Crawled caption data

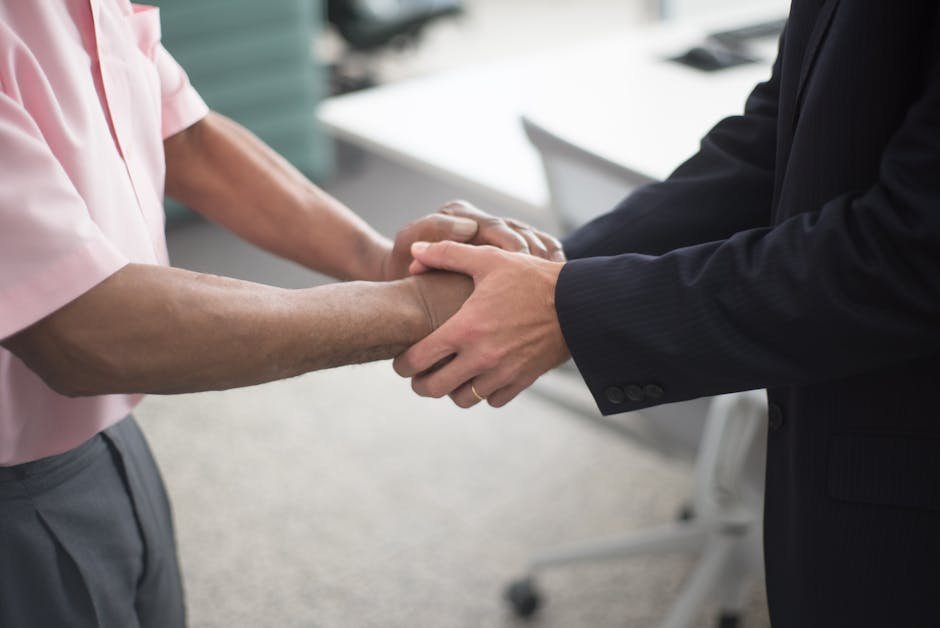 Close-up of a formal handshake between two businessmen in an office environment.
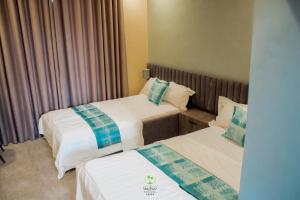una habitación de hotel con dos camas en una habitación en Maghaz Royal Hotel, en Tamale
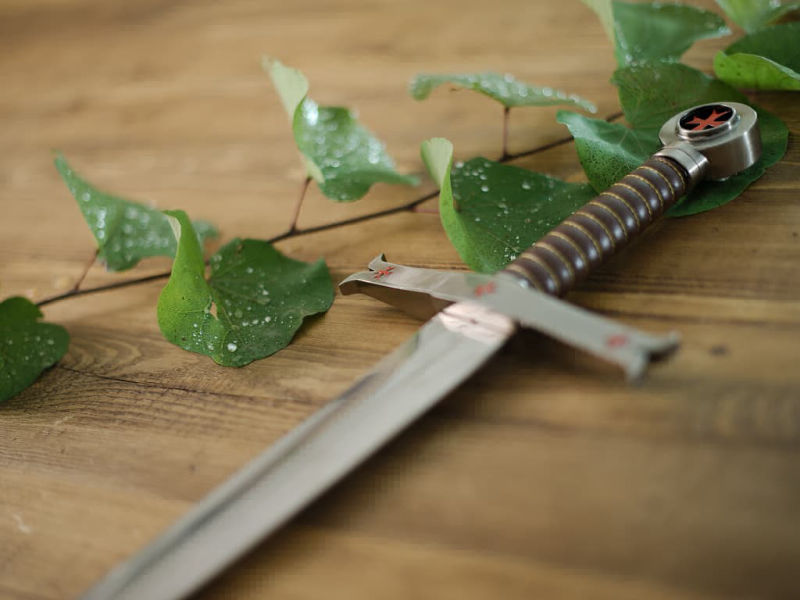 Espada templaria decorativa colocada sobre una mesa medieval de madera, con una rama cuyas ramas albergan gotas de rocío. Espada templaria decorativa colocada sobre una mesa medieval de madera, con una rama cuyas ramas albergan gotas de rocío.
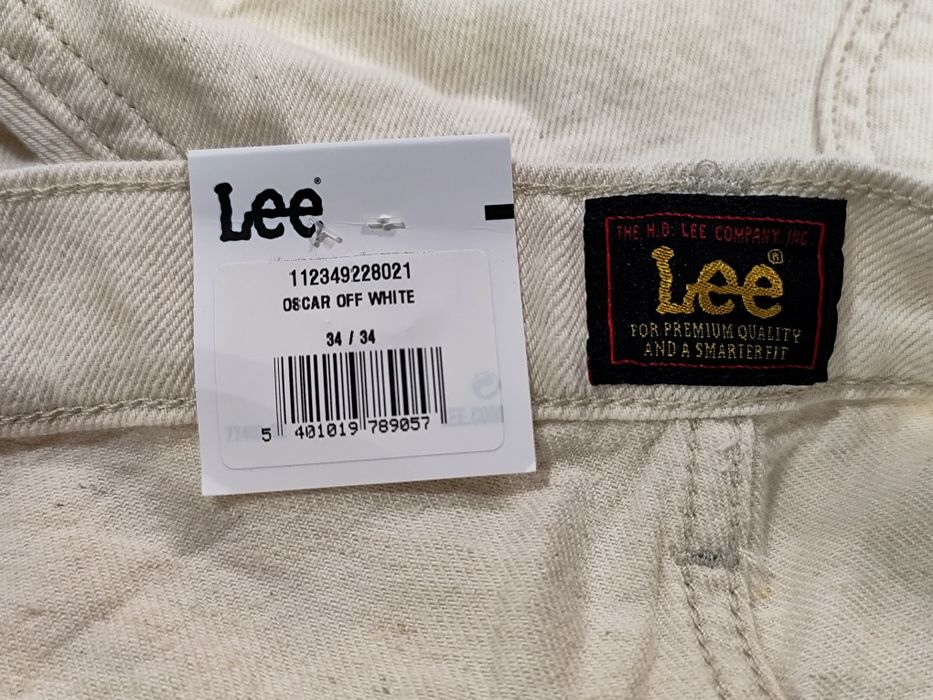 Spodnie jeansy Lee Oscar white dżinsy męskie luźne białe lato 34/34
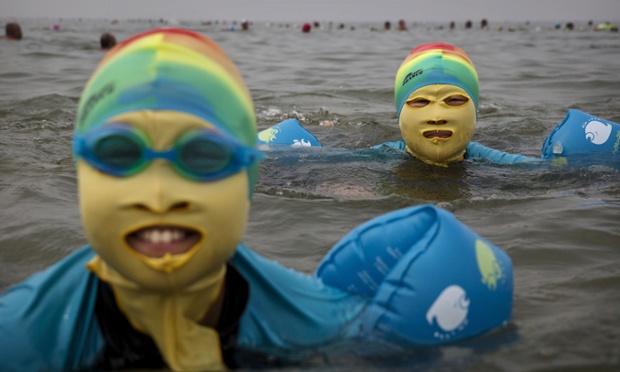 A mother and daughter wear face-kinis while swimming in the Yellow Sea in Qingdao, China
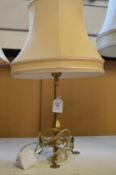 A brass tripod table lamp.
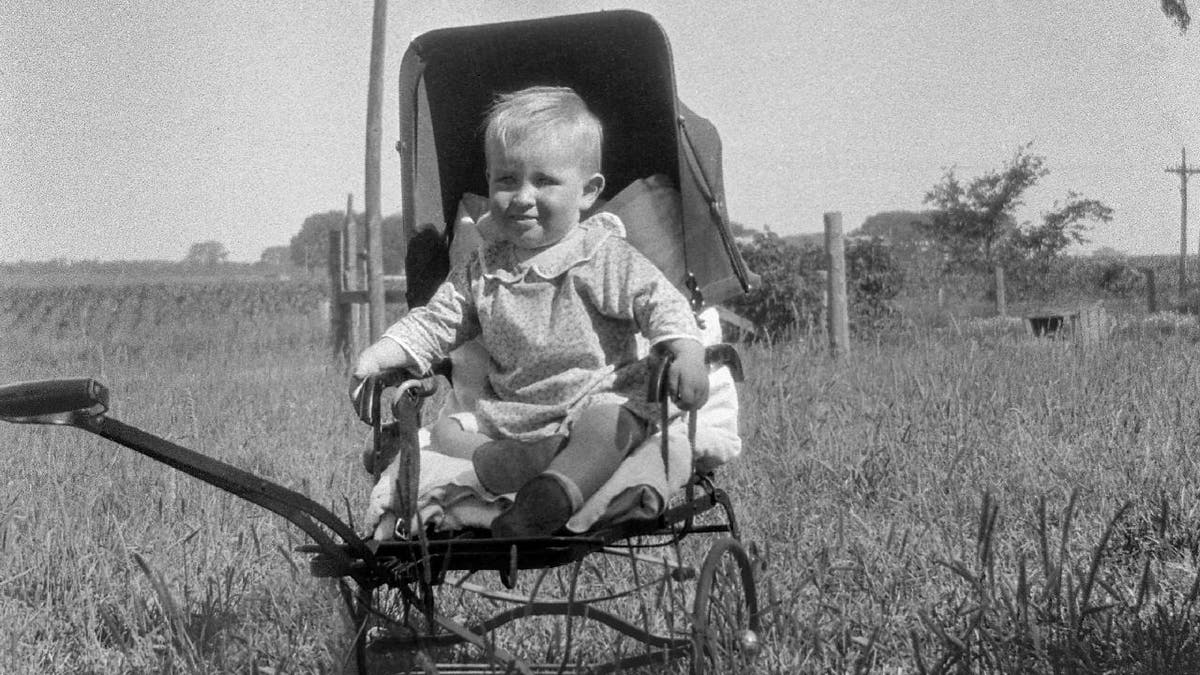 Baby boy from 1920s in carriage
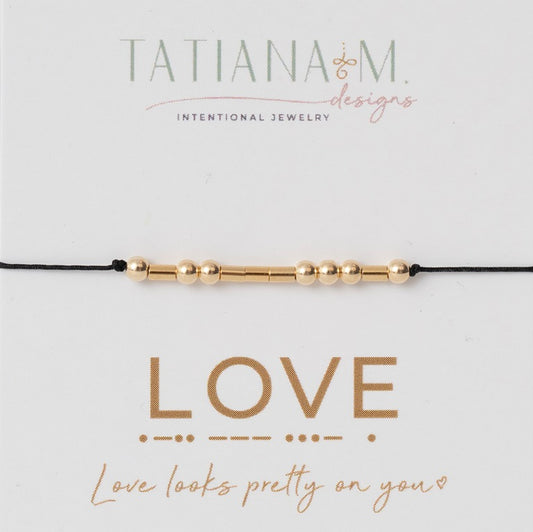 Black string bracelet with gold filled beads on LOVE card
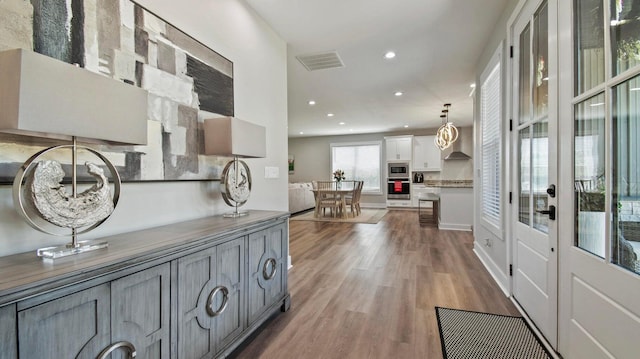 kitchen featuring hardwood / wood-style flooring, white cabinets, pendant lighting, and appliances with stainless steel finishes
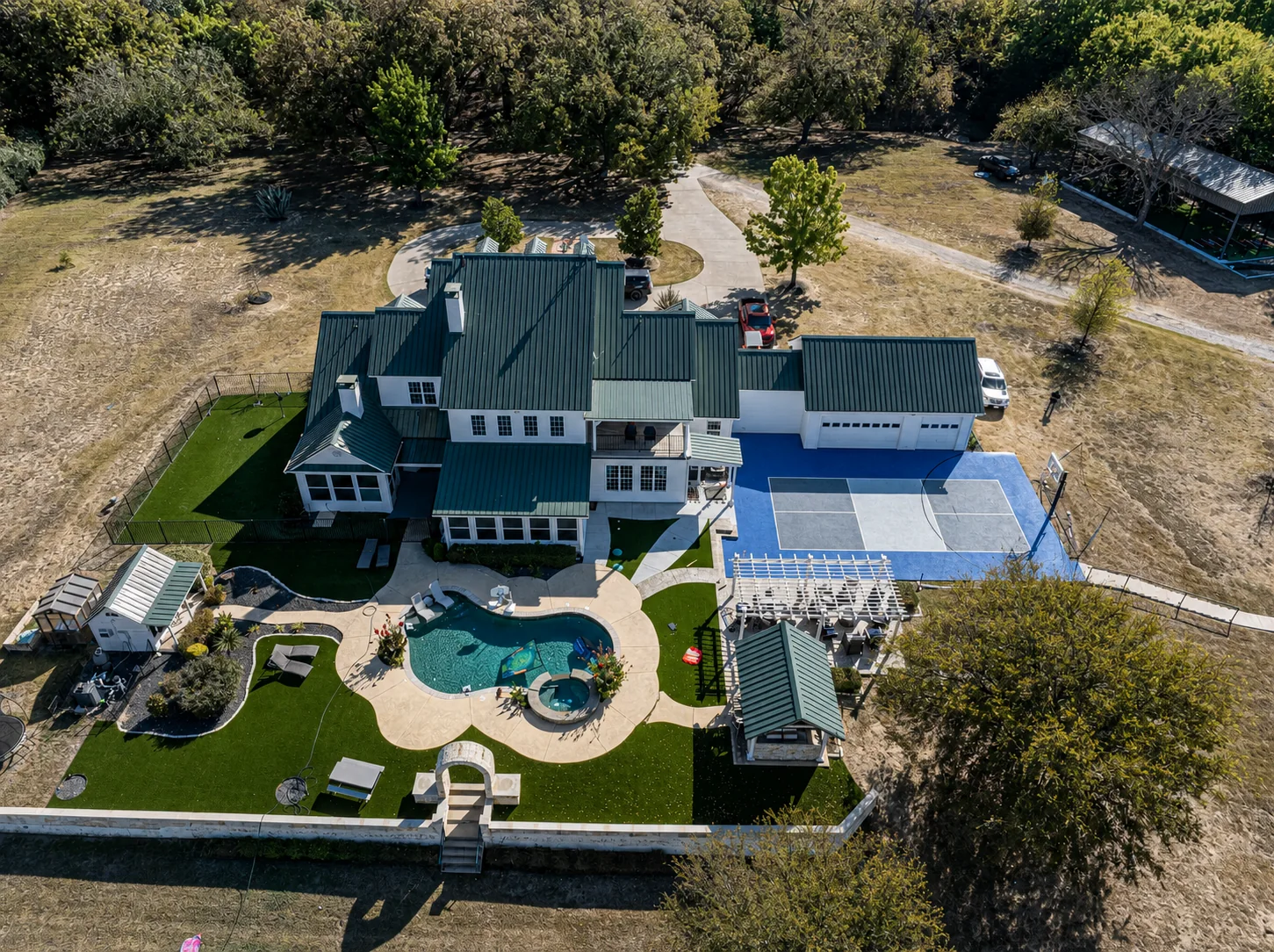 Wide aerial view of a green-roofed estate with a blue multi-sport court, pool, turf, and pergola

■ **REQUIRED WORK**:
Word for word, copy the lines from the one with "Spodnie jeansy Lee" through the end of the entries above, and do not include any picture.

■ **OUTPUT FOR THIS EXERCISE**:
 Spodnie jeansy Lee Oscar white dżinsy męskie luźne białe lato 34/34
 A mother and daughter wear face-kinis while swimming in the Yellow Sea in Qingdao, China
 A brass tripod table lamp.
 Baby boy from 1920s in carriage
 Black string bracelet with gold filled beads on LOVE card
 kitchen featuring hardwood / wood-style flooring, white cabinets, pendant lighting, and appliances with stainless steel finishes
 Wide aerial view of a green-roofed estate with a blue multi-sport court, pool, turf, and pergola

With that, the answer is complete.